You need to test, we're here to help.

You need to test, we're here to help.

09 April 2014

Applying Multi-Stage, Multi-Rate Digital Filtering

63-kHz signal with 60-Hz component
Figure 1: The input signal shows both the desired 63-kHz signal
along with a 60-Hz component. Zoom trace Z1 shows the
60-Hz component in detail.
A while back, we posted some basics on how to apply digital filters to sort out signals with undesirable elements riding on top of them, i.e. a square wave that's being corrupted by a sinusoidal signal creeping in from somewhere in your system design. Now, let's look at how to extend the range of cutoff frequencies for digital filters, allowing them to be used even more effectively.

With Teledyne LeCroy's Digital Filter Package (DFP2), users can select any of seven standard filter types or define a custom filter for application to measured data. You can specify a range of pass-band limits and transition (roll-off) widths for any filter, which are implemented as digital finite impulse response (FIR) filters. The range of band-edge frequencies is a function of the oscilloscope's effective sampling rate. Using the available math traces on Teledyne LeCroy oscilloscopes, you can implement multi-stage, multi-rate filters to extend the range of the DFP2 package's filter limits.

Let's see how this works with an example of a signal (Figure 1). This is a signal you'll commonly find in switching power-supply measurements. The measured waveform contains a 63-kHz pulse-width-modulated signal riding on top of a 60-Hz sine wave. Removal of the 60-Hz signal requires a high-pass filter with a pass-band edge above 60 Hz.

Math operations for multi-stage, multi-rate digital filter
Figure 2: Shown is the series of math operations used
to implement a multi-stage, multi-rate digital filter
While this filter can be implemented with the DFP2 filters, doing so at a 10-Msample/s sampling rate means using filters with a very large number of taps.

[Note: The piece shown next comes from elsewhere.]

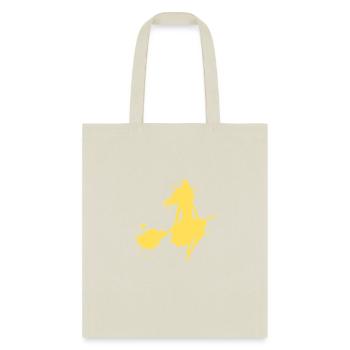 witches for holidays halloween - Tote Bag - natural - Front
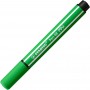 Feutre pointe biseautée STABILO Pen 68 MAX - vert clair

If we want to reduce the filter size, we must reduce the sampling rate. There are two ways to go about this. One is to reduce the length of the oscilloscope's acquisition memory. The other is to decimate the data using the sparse math function.

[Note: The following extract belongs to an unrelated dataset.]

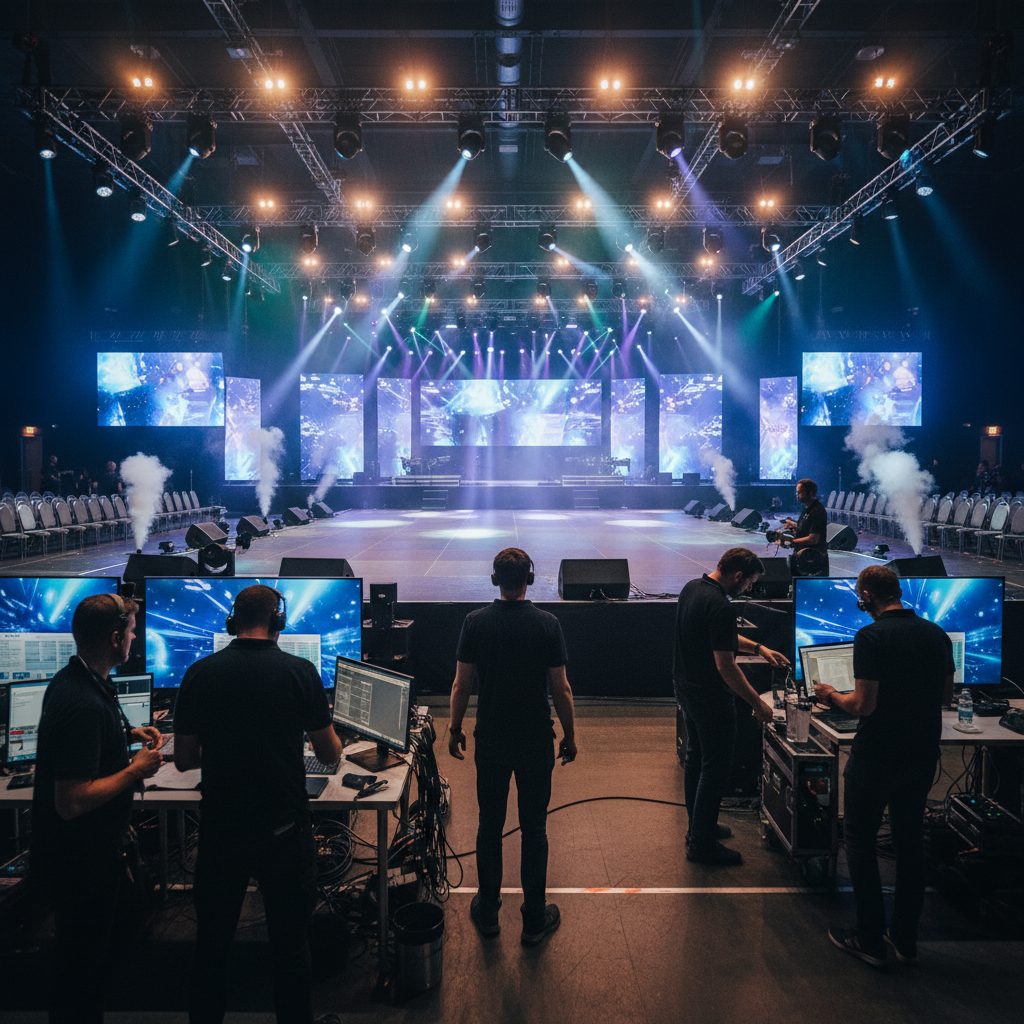 מאחורי הקלעים של הבלתי נשכח: סודות ההפקה שמשנים את חוקי המשחק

Reducing the sampling rate increases the possibility of aliasing the data, especially with a harmonic-rich signal like this one. To limit the possibility of aliasing, the data can be sampled at a high rate and then low-pass filtered, using a digital filter, before decimation. This combination of filtering and decimation before performing another filtering operation on the data is called "multi-stage, multi-rate" digital filtering. It allows you to reduce the effective sampling rate with minimal risk of aliasing, thus extending the usable range of the DFP2 filters.

So here's the multi-stage, multi-rate implementation (Figure 2). The upper trace is the acquired waveform sampled at 10 Msamples/s. The goal is to reduce that sampling rate by 10:1. We accomplished this by first low-pass-filtering the acquired data with a bandwidth of less than 50% of the desired effective sampling rate of 1 Msamples/s.

Comparison of input and output spectra
Figure 3: Shown is a comparison of the input and output
spectra with a 40-dB reduction of the 60-Hz component
in the lower (output) trace. The right side shows the
60-Hz component before and after filtering.
Math trace F2 is the signal after low-pass filtering with a bandwidth of 500 kHz. Math trace F3 applies the sparse math function, which is used to decimate waveform data. The decimation ratio of 10:1 is set using the Sparsing Factor variable in the Math dialog box (accessed using the Math Setup menu). The resulting decimation is 10:1 and the effective sampling rate is 1 Msamples/s.

Math trace F4 is the setup for the high-pass filter. The cutoff frequency is 200 Hz with a transition zone width of 50 Hz. Note that the 60-Hz component has been greatly reduced by the filtering process.

In Figure 3, a comparison of the input and output frequency spectra shows that the 60-Hz component has been reduced by 40 dB. This can be seen in the right-hand zoom trace comparison. The high-pass filtering does not affect spectral components above 300 Hz.

With this example, we can see how multi-stage, multi-rate filtering extends the usable range of the DFP2 digital filters.